German police arrested five suspects, including two teenage boys, for allegedly pummeling the woman’s stomach and chest “in a bizarre bid to free her from the ‘demons’ inside of her,” the Mirror Online reported.

A judge had issued an arrest warrant for a 44-year-old woman, her 21-year-old son, her 19-year-old daughter and two 15-year-old boys.

The woman had been tied to a bed and beaten extensively, prosecutors said. To stifle the woman’s screams, a towel was allegedly stuffed in her mouth and she choked to death in the hotel room, prosecutors said.

The woman’s body was covered in bruises, according to reports by the Frankfurter Allgemeine Zeitlung.

Prosecutors say they had been attempting to rid demons from the woman who was believed to be possessed.

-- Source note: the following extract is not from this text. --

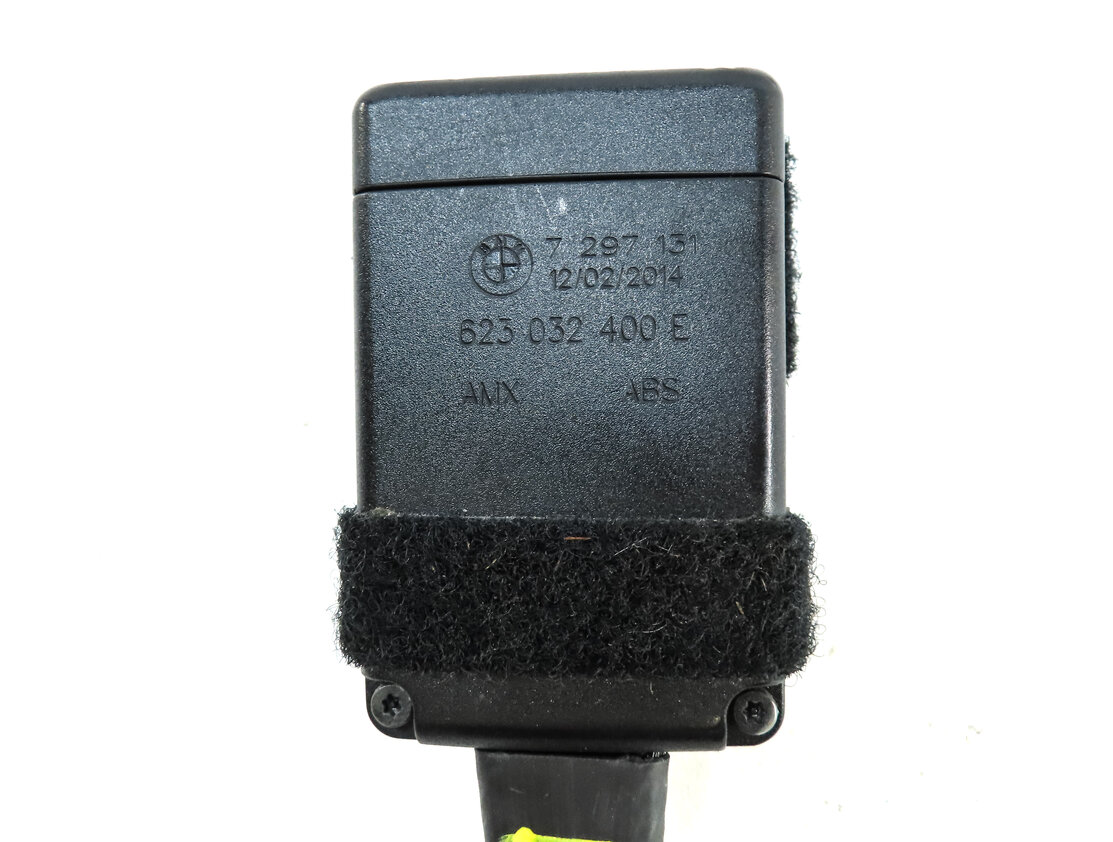 Thumbnail 6: 14-19 BMW X5 X6 X5M (F15 F16 F85 F86) FRONT LEFT DRIVER SEATBELT BUCKLE RECEIVER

Meanwhile, police say a second possible victim was found in a house in nearby Hesse.

She was suffering from hypothermia and dying of thirst, they said. The house had reportedly been rented by the alleged exorcists.

The incident follows reports of an increase in exorcisms and exorcism-related deaths in recent years.

 “It is a big phenomenon,” says J. Gordon Melton, a Methodist minister who directs the Institute for the Study of American Religion. “There is a lot of exorcism going on.”

Last year, two women stabbed and killed two children during an “exorcism” in Maryland. One woman, Monifa Sanford, pleaded guilty to first-degree murder. Sanford and Zakieya Avery, the mother of the children, believed they were “demon assassins,” WUSA9 reported.

The women told investigators that they believed evil spirits jumped successively between the bodies of the children, ages 1 and 2, and that an exorcism was necessary to drive the demons out.

“It began with an attempt to break the neck of the youngest child; it proceeded into strangulation and ultimately graduated into stabbing,” State Attorney John McCarthy reportedly said during trial.

In the Democratic Republic of the Congo, families have cast more than 50,000 children out of their homes, claiming sorcery and witchcraft are destroying their loves ones. In some cases, exorcisms are performed, and many involve violence.

“Squeezing a toddler’s eyeballs and shoving his thumb into her tiny nose a Catholic priest purges a child of the devil, one of many exorcisms he carries out every day,” reads a recent article.

In 2013, four members of the Seventh-Day Adventist Church faced charges of kidnapping, acts of torture and barbarism for performing an exorcism on a teenage girl.

The four were accused of tying up the 19-year-old Cameroonian girl in a crucifixion-type position and keeping her bound for seven days to a mattress. The attorney for the men said they were “acting in faith” because they were convinced she had been possessed by a demon.

A spokesman for the Seventh Day Adventists said the men had been expelled from church before the alleged attack and that what happened had nothing to do with their teaching.